ACTIVITY: Write out the lines of the material below exactly, beginning at the line with "Obraz premium Digital" and stopping after the line with "Golden butterflies adorn", and leave out the pictures.

SOURCE DATA:

'''

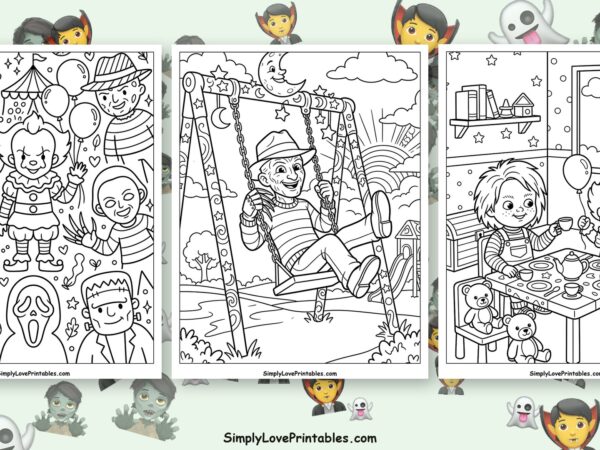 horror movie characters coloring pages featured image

'''
'''

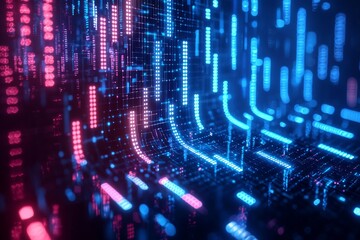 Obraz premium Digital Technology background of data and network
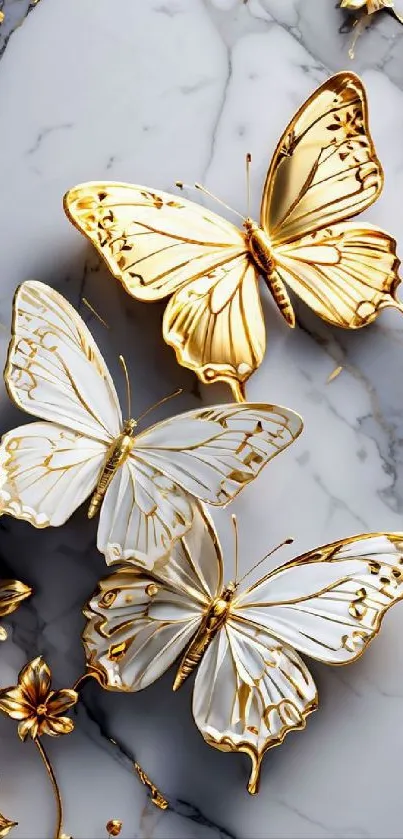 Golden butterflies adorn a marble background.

'''
'''

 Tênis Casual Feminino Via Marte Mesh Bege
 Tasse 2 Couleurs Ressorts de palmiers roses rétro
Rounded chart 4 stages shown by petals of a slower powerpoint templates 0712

'''

ANSWER AREA:
 Obraz premium Digital Technology background of data and network
 Golden butterflies adorn a marble background.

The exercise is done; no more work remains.